In the minds of many pilots, the vacuum system is the weak link in the chain of robust parts that hold an airplane in the air and under control. In most airplanes, the vacuum system powers the attitude indicator and the directional gyro. In others, only the attitude indicator. In some it also pumps up de-ice boots and/or pressurizes the cabin.
In all, those are important responsibilities for a fist-sized chunk of carbon fitted with carbon blades that ride in constant contact with the housing surrounding them.
Although dry vacuum pumps are criticized for their uncertain service life and tendency toward unpredictable catastrophic failures, the question of a healthy vacuum system is really more complex than that. Hoses, fittings, regulators, gauges, couplings, valves, filters and instruments all have to be added to the mix. And the wildcard is that even a repaired malfunction may leave a legacy of debris that will cause another failure in the system in short order.
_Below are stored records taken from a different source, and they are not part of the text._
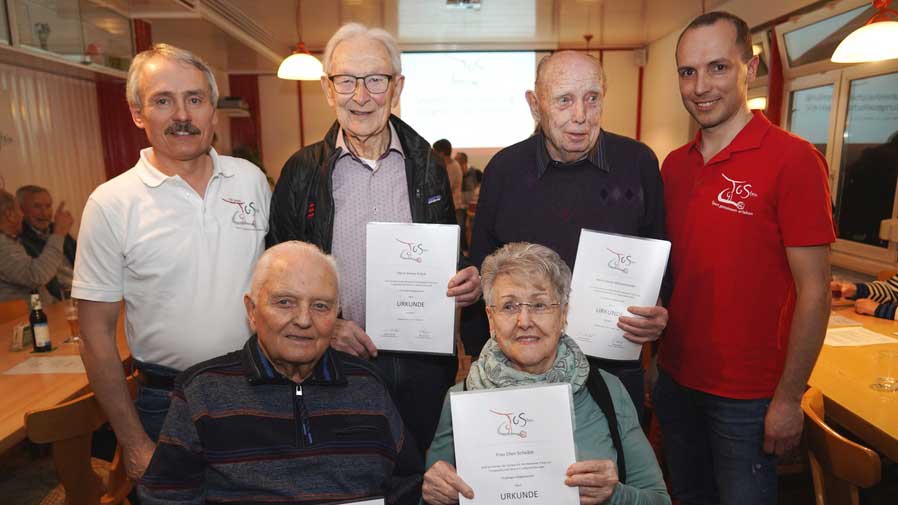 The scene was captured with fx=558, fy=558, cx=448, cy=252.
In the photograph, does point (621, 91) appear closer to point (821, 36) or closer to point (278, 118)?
point (821, 36)

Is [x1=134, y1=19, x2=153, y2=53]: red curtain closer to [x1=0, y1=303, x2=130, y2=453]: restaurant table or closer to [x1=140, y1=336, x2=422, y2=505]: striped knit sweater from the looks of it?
[x1=0, y1=303, x2=130, y2=453]: restaurant table

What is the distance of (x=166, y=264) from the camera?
196 centimetres

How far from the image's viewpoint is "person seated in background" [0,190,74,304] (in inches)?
170

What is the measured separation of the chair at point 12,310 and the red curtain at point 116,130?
4.13m

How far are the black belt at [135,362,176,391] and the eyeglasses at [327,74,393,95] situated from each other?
1220 millimetres

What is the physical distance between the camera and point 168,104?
6.53ft

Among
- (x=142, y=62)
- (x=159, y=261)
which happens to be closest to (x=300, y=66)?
(x=142, y=62)

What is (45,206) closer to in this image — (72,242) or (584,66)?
(72,242)

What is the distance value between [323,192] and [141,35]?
21.9 ft

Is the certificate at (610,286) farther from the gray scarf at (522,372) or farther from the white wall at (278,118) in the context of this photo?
the white wall at (278,118)

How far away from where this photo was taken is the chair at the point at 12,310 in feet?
13.5

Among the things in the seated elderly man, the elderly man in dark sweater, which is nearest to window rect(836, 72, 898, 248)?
the elderly man in dark sweater

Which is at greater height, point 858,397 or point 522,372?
point 522,372

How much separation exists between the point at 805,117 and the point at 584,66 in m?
5.91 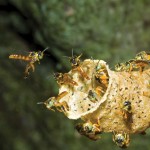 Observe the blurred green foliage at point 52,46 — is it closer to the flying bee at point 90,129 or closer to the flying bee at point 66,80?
the flying bee at point 66,80

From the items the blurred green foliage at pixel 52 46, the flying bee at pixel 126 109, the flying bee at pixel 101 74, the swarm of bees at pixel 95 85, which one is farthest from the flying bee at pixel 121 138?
the blurred green foliage at pixel 52 46

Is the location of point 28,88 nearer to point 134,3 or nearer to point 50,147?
point 50,147

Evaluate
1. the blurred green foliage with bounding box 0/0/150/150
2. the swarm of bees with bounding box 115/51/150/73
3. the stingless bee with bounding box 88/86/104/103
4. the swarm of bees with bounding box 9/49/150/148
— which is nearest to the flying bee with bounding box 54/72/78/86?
the swarm of bees with bounding box 9/49/150/148

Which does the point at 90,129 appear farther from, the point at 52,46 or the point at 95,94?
the point at 52,46

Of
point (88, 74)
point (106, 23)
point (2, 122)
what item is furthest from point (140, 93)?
point (2, 122)

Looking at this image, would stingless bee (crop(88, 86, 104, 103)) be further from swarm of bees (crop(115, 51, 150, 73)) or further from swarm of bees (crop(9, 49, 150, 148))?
swarm of bees (crop(115, 51, 150, 73))

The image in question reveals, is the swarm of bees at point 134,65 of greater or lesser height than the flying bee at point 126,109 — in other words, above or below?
above

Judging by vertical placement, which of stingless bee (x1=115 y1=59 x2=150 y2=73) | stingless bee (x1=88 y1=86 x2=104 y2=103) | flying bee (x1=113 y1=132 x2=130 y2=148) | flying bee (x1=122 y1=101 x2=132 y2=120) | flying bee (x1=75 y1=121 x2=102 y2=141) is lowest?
flying bee (x1=113 y1=132 x2=130 y2=148) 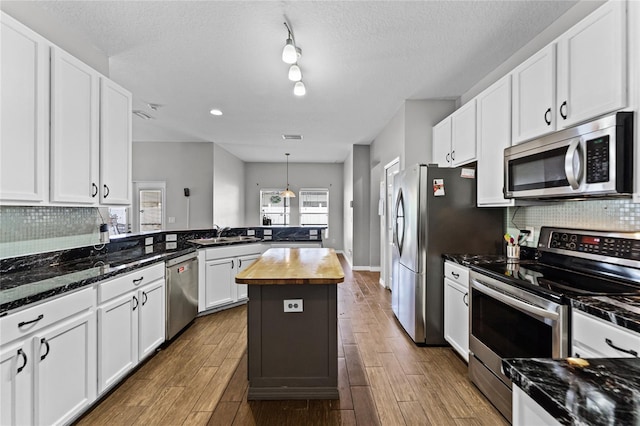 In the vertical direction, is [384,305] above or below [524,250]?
below

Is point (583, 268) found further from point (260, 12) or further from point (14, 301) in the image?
point (14, 301)

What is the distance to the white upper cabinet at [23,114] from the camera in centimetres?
166

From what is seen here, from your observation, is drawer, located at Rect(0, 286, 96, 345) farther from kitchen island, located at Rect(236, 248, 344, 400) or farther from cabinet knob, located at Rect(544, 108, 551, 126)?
cabinet knob, located at Rect(544, 108, 551, 126)

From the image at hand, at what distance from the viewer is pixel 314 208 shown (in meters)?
9.21

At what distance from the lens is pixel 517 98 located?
87.4 inches

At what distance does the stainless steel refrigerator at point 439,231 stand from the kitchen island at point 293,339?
3.90 feet

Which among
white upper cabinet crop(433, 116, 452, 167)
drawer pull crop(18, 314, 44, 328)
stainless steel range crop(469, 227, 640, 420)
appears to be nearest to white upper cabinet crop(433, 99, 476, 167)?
white upper cabinet crop(433, 116, 452, 167)

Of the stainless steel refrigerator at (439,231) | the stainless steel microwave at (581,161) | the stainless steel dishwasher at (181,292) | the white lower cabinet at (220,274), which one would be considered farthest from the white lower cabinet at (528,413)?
the white lower cabinet at (220,274)

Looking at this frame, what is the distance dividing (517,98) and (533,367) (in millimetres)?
2178

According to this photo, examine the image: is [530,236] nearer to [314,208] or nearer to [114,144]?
[114,144]

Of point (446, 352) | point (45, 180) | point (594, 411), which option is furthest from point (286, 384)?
point (45, 180)

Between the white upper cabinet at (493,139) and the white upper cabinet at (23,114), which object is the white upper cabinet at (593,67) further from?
the white upper cabinet at (23,114)

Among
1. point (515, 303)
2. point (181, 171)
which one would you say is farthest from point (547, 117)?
point (181, 171)

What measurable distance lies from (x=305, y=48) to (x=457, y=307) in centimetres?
269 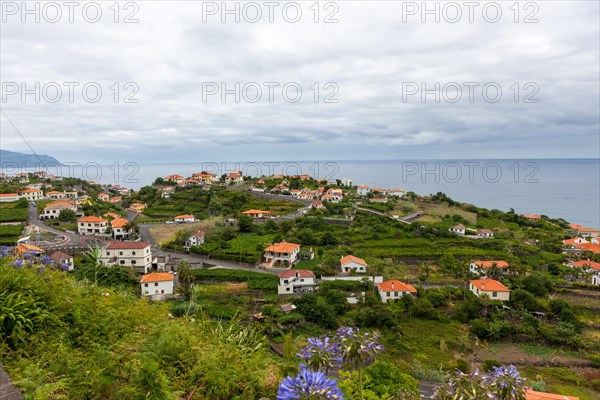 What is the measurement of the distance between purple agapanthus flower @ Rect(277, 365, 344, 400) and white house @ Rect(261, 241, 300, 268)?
27404mm

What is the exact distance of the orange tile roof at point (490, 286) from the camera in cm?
2344

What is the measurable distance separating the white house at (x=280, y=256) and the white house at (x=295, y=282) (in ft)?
14.3

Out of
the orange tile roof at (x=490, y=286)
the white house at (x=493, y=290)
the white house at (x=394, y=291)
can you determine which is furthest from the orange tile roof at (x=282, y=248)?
the white house at (x=493, y=290)

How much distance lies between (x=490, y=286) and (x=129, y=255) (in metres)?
25.6

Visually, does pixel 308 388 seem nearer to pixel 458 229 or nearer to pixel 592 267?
pixel 592 267

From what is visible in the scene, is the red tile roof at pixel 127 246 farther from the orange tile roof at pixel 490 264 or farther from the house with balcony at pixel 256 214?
the orange tile roof at pixel 490 264

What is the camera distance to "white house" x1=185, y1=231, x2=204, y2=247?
32.8m

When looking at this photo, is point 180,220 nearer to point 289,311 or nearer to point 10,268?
point 289,311

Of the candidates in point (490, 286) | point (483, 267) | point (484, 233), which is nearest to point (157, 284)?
point (490, 286)

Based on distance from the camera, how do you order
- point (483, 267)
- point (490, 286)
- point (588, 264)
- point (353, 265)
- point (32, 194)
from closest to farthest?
point (490, 286) → point (353, 265) → point (483, 267) → point (588, 264) → point (32, 194)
Partial panel skills are an obligatory part of initial and recurrent instrument training, but the training is artificial at best. Having an instructor slap a cover over your gyros and declaring them failed is a long way from the often-insidious lean the instruments take on in an actual failure.
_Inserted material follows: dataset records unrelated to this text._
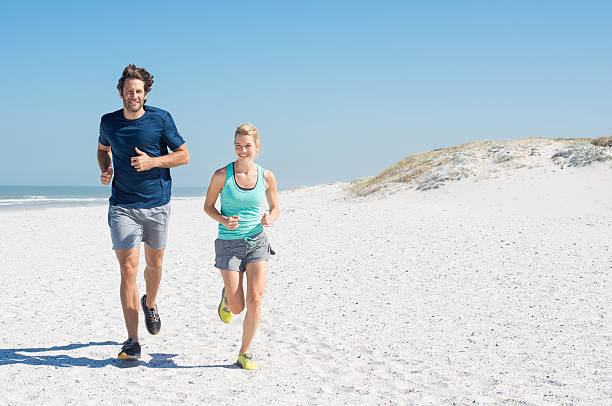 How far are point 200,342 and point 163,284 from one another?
121 inches

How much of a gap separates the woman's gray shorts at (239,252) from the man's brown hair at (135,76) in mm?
1614

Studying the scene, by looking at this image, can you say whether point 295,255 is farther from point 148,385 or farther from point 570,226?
point 570,226

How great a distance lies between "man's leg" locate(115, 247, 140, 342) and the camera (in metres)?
4.66

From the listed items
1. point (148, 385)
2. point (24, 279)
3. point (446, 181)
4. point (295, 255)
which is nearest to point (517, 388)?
point (148, 385)

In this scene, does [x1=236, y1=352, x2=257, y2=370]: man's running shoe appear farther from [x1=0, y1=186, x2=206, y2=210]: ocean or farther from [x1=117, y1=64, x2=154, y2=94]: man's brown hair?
[x1=0, y1=186, x2=206, y2=210]: ocean

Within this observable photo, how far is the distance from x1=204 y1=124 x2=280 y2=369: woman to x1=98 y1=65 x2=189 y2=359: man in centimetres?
62

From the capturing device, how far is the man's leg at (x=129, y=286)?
4.66 m

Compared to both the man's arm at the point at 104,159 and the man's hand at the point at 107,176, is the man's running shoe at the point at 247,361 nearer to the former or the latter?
the man's hand at the point at 107,176

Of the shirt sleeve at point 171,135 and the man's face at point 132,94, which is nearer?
the man's face at point 132,94

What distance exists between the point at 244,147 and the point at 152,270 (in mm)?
1628

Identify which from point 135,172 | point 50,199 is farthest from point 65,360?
point 50,199

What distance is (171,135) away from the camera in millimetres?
4723

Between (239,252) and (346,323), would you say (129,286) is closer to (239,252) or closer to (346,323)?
(239,252)

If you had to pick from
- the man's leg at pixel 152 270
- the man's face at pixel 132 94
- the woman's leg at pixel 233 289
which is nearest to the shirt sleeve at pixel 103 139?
the man's face at pixel 132 94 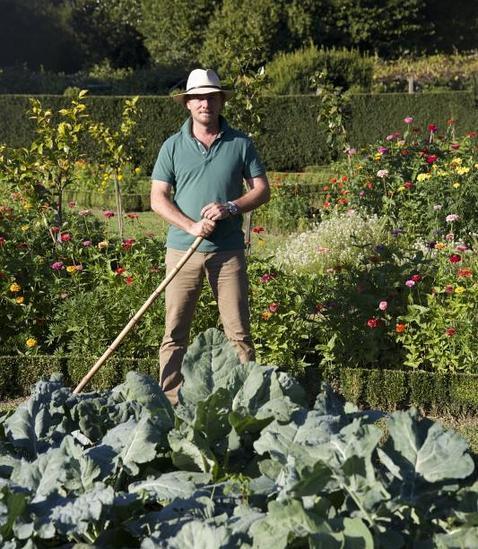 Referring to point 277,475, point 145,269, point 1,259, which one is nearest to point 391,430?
point 277,475

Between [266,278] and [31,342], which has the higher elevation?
[266,278]

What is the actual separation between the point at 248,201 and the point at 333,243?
131 inches

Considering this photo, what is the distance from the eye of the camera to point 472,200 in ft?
27.2

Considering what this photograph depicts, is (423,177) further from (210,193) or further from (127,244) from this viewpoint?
(210,193)

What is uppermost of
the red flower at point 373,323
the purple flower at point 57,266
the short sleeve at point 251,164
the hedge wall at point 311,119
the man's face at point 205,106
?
the man's face at point 205,106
Better, then to avoid the problem in the first place by watching for the subtle clues that indicate impending vacuum system trouble. Even installing a backup system such as an electric vacuum pump or an alternate vacuum source tied to the intake manifold is an uncertain solution, because it addresses only the pump failure, not the loss of another part of the system.
Sometimes the failures are easy to spot, other times they are not.
When taxiing on one occasion for a departure into low ceilings and widespread IFR conditions, the panel of our Mooney emitted a noise described by a passenger as a piece of paper getting sucked through a fan. Within a minute the attitude indicator bobbed around randomly. The vacuum gauge was in the green and the directional gyro still worked, however, and it was readily apparent that the attitude indicator itself had failed – thankfully before takeoff.
Failure of the attitude indicator is usually indicated by either excessive drift or tumbling, but there are some indications that failure is on the horizon. As the engine starts, an air-driven attitude indicator will do a dance known as nutation. When the air begins moving through the gyro, it activates the erection vanes. It should wobble a bit as it stabilizes. If it doesnt, the vanes, gimbals or bushings could be sticky, which will prevent the instrument from working properly in flight.
Many times, these kinds of failures are a result of contamination of the incoming air. More on that in a moment.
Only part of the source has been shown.